What is the number of lines in the data below that contain "photo"? Answer with that number and no other words.

BEGIN SUPPLIED MATERIAL

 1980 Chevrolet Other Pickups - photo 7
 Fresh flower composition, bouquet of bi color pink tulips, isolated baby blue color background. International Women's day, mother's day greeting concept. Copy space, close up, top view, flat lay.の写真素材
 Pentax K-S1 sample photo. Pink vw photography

END SUPPLIED MATERIAL
BEGIN SUPPLIED MATERIAL

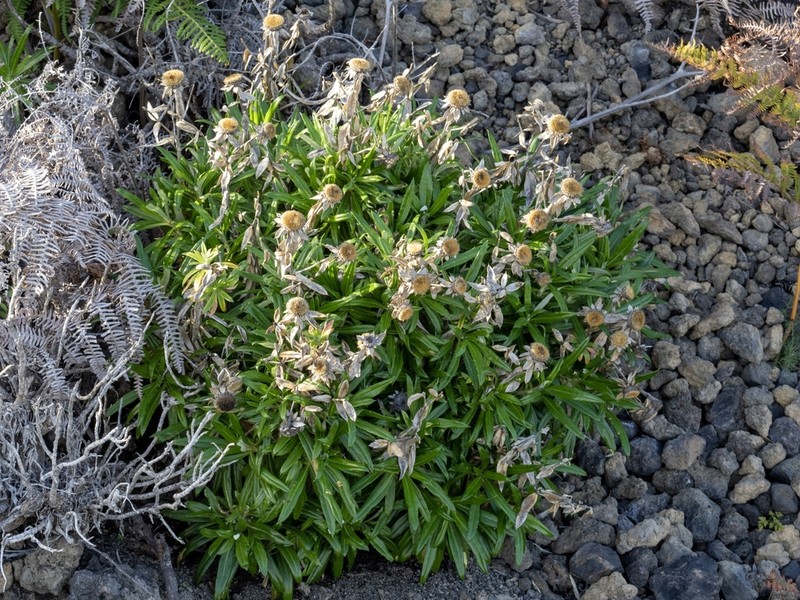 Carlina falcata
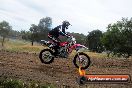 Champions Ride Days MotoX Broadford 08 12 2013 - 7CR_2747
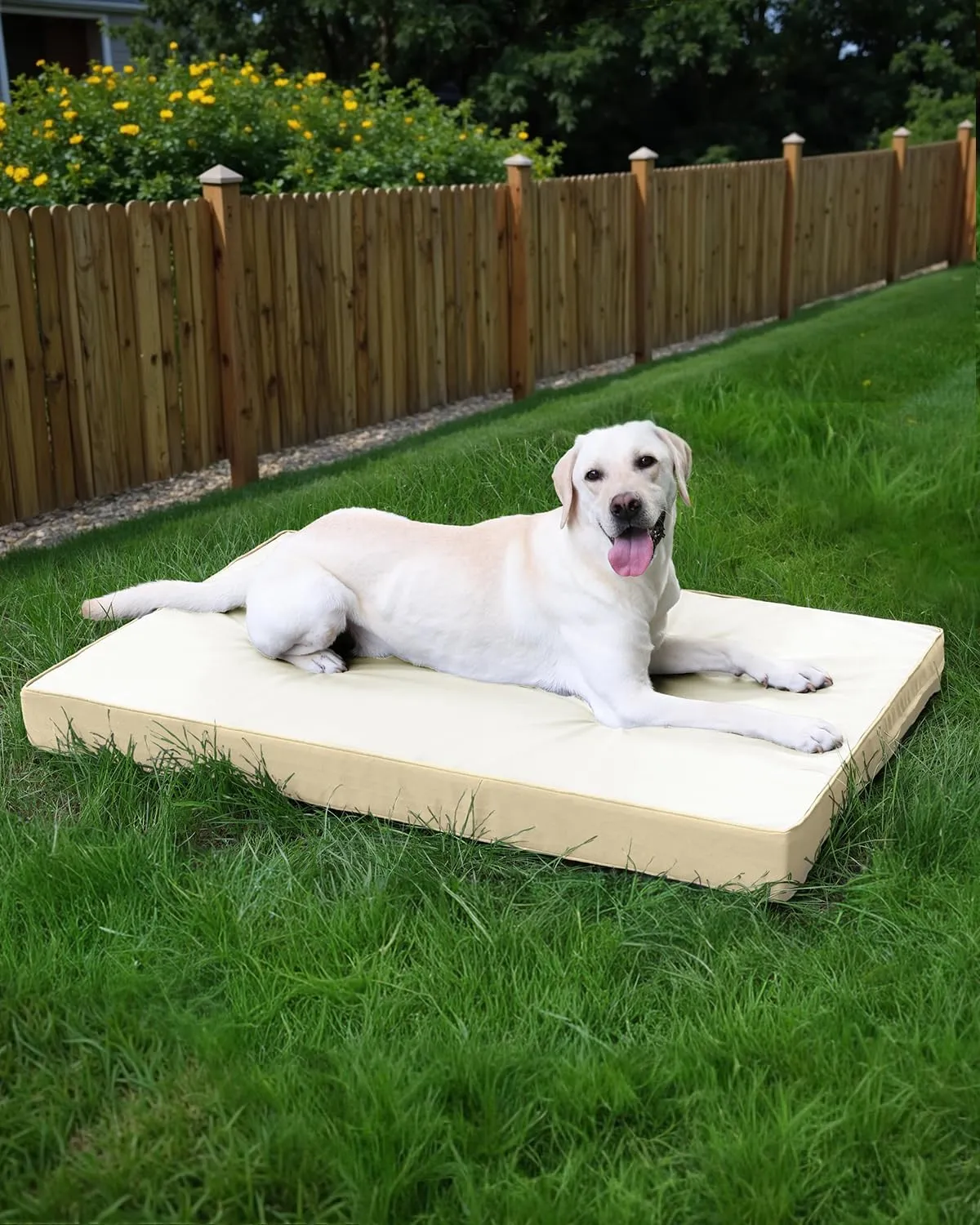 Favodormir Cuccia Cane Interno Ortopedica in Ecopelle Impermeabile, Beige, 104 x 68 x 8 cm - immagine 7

END SUPPLIED MATERIAL

▶ SOLUTION FOR THIS TASK
2